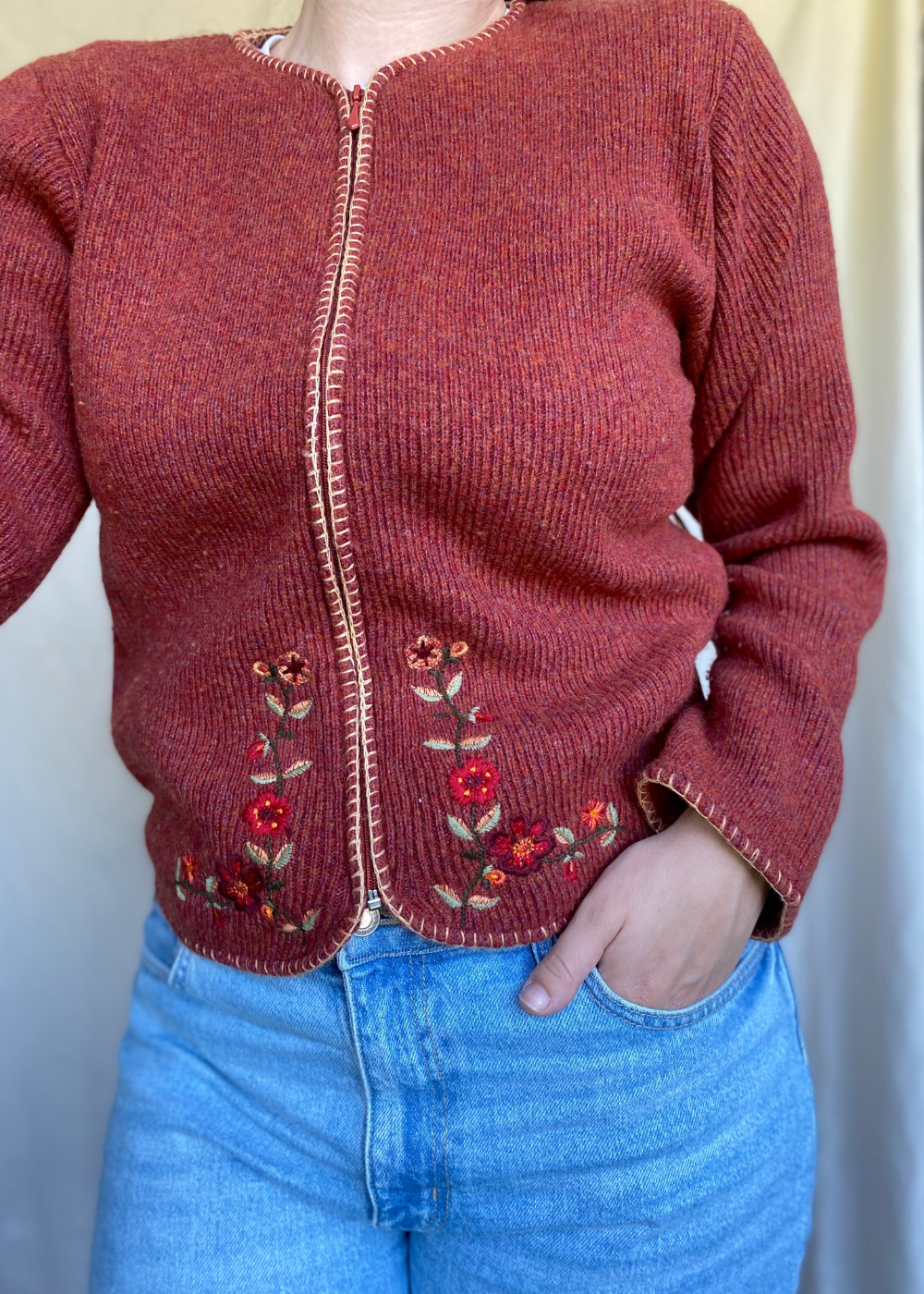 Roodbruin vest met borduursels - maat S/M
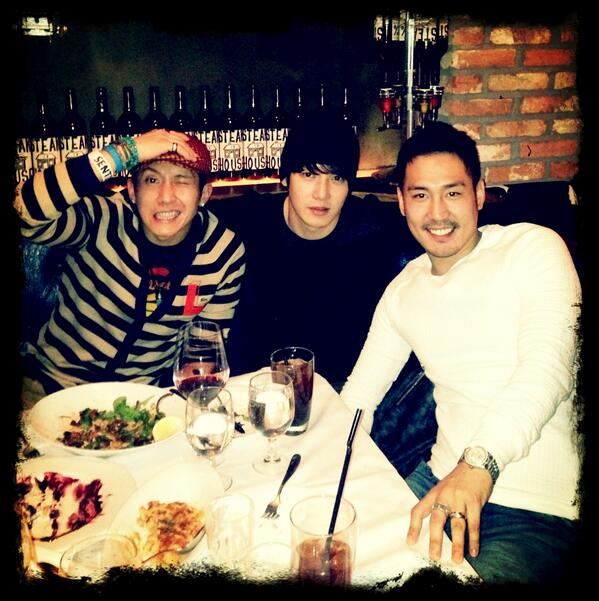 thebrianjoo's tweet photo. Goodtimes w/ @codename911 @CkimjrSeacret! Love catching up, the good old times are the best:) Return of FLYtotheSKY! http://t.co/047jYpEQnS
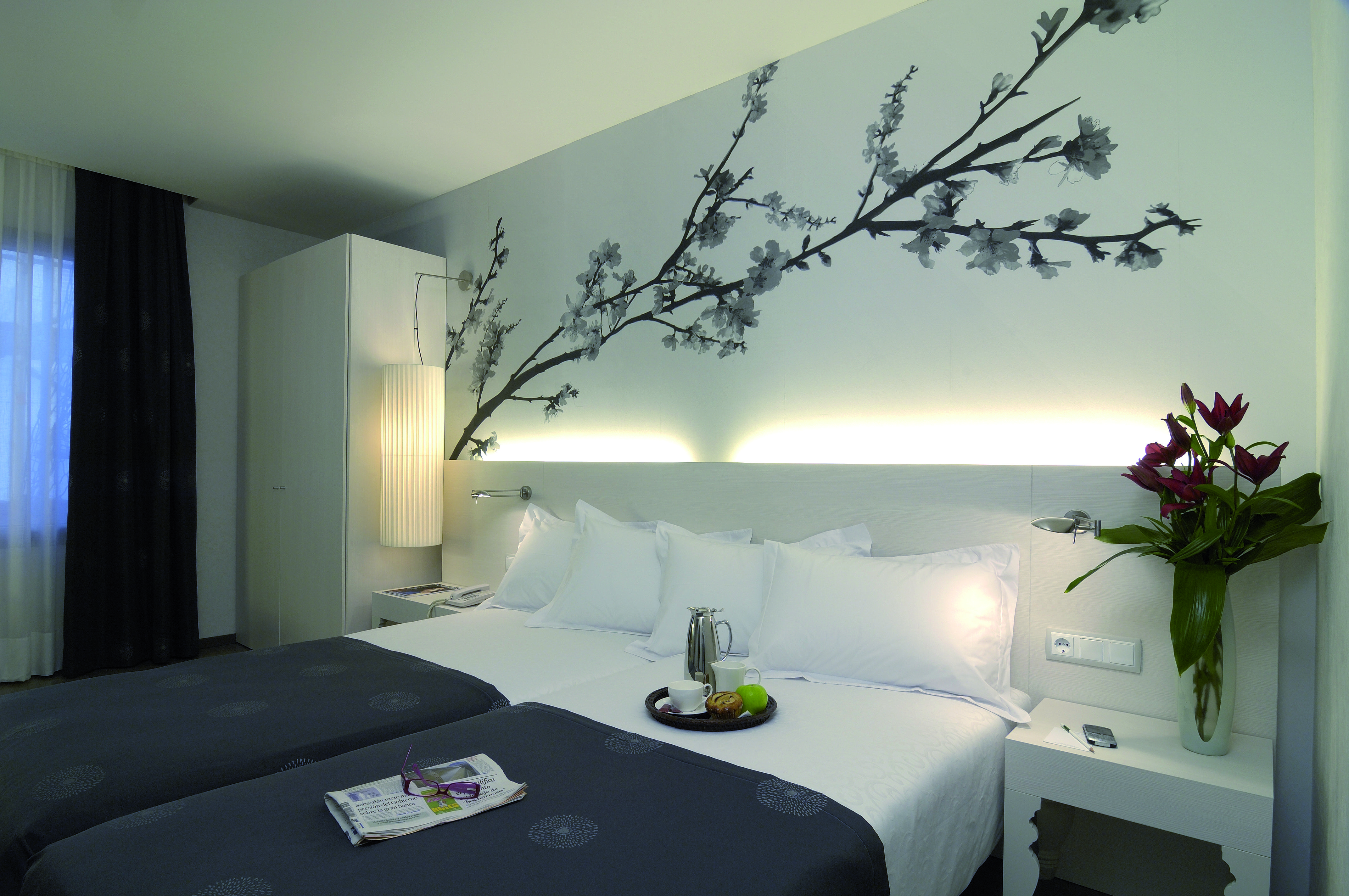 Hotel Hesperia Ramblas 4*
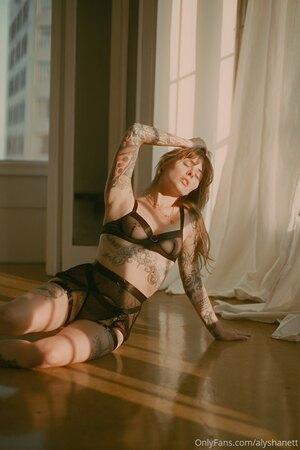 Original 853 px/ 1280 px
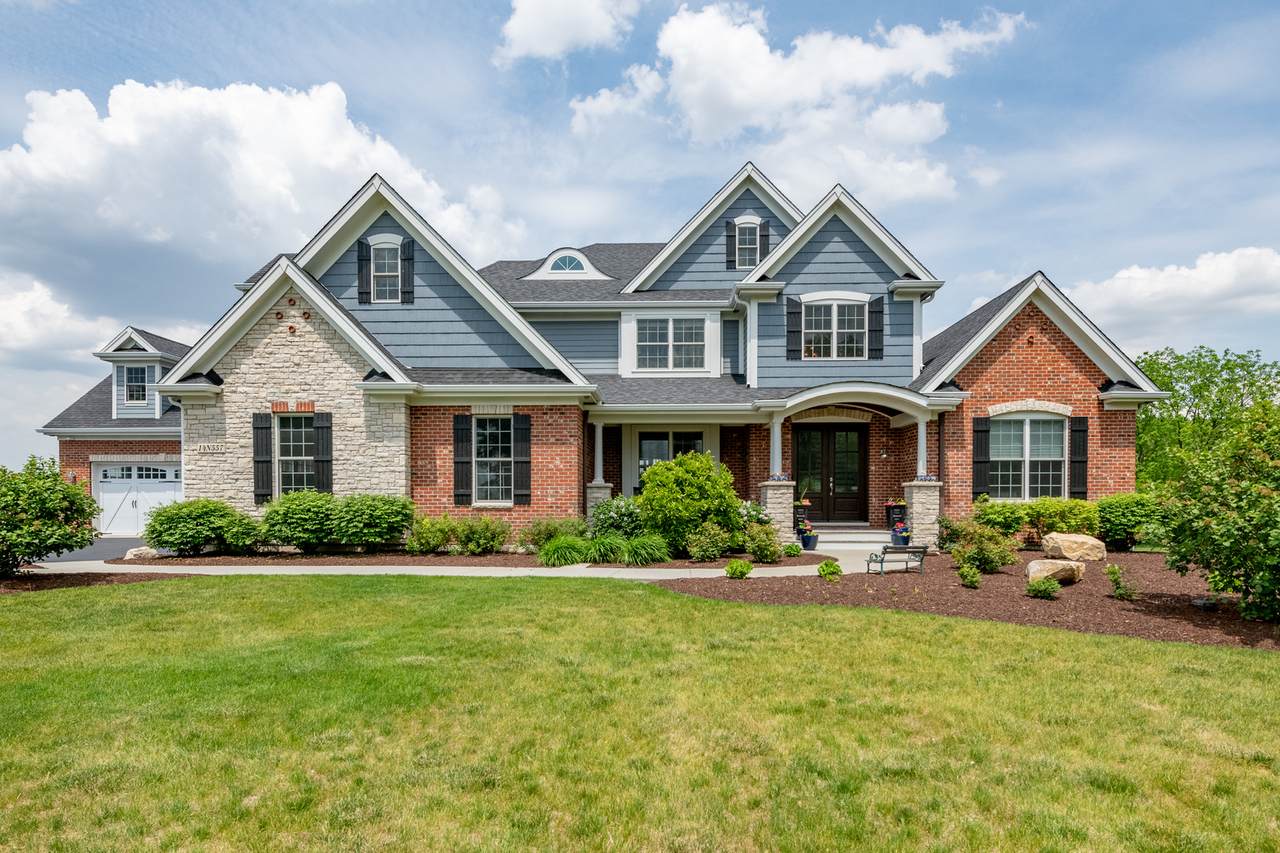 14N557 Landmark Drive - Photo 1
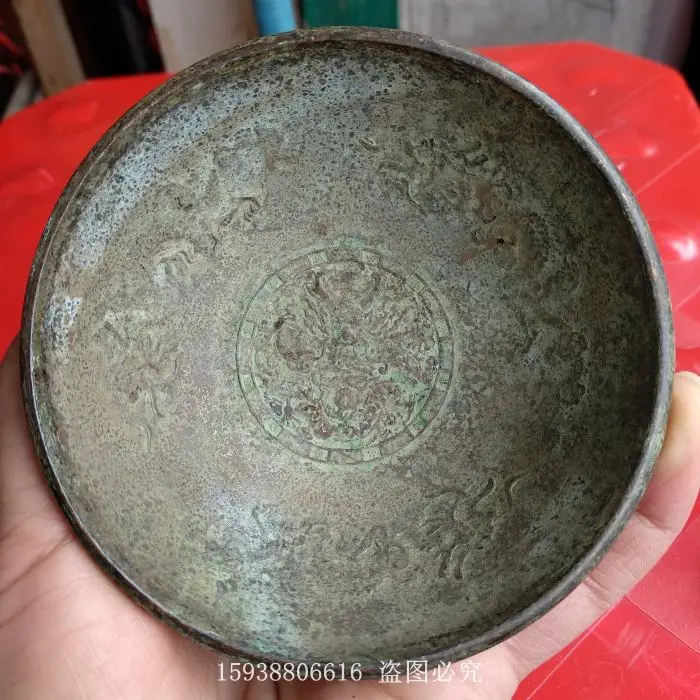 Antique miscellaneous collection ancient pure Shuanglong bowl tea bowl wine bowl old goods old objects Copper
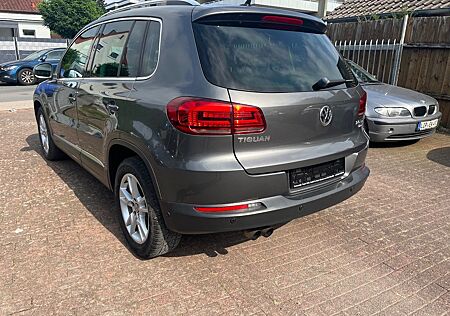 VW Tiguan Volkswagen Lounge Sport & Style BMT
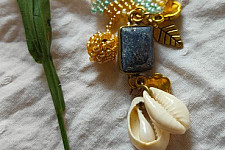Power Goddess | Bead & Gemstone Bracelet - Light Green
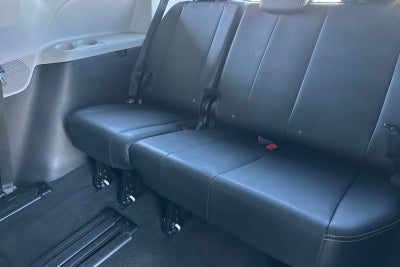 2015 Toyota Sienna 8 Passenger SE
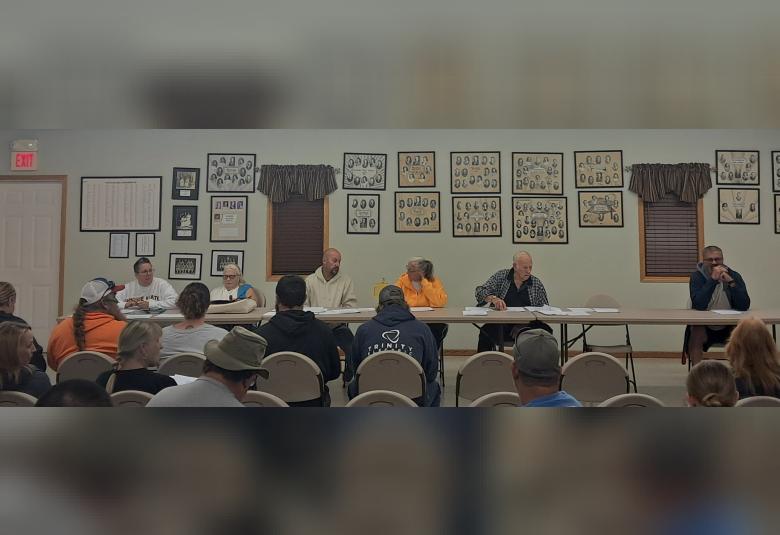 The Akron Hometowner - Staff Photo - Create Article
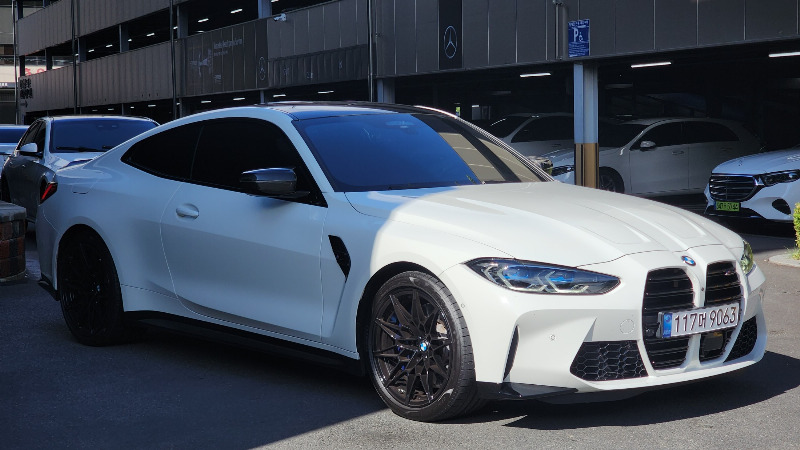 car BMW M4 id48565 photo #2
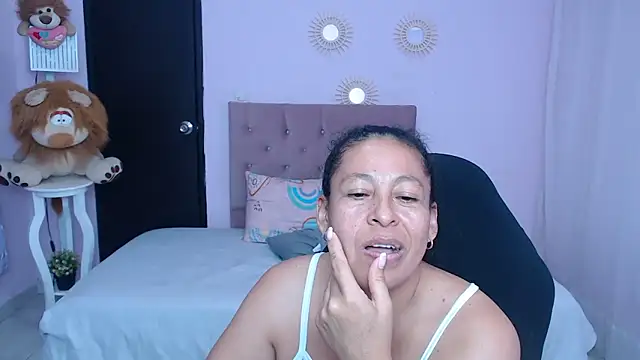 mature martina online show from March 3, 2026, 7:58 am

_____

- _EXERCISE_
Restate every line of the listing exactly. Pictures are not part of the copy.

- _TASK OUTPUT_
 Roodbruin vest met borduursels - maat S/M
 thebrianjoo's tweet photo. Goodtimes w/ @codename911 @CkimjrSeacret! Love catching up, the good old times are the best:) Return of FLYtotheSKY! http://t.co/047jYpEQnS
 Hotel Hesperia Ramblas 4*
 Original 853 px/ 1280 px
 14N557 Landmark Drive - Photo 1
 Antique miscellaneous collection ancient pure Shuanglong bowl tea bowl wine bowl old goods old objects Copper
 VW Tiguan Volkswagen Lounge Sport & Style BMT
Power Goddess | Bead & Gemstone Bracelet - Light Green
 2015 Toyota Sienna 8 Passenger SE
 The Akron Hometowner - Staff Photo - Create Article
 car BMW M4 id48565 photo #2
 mature martina online show from March 3, 2026, 7:58 am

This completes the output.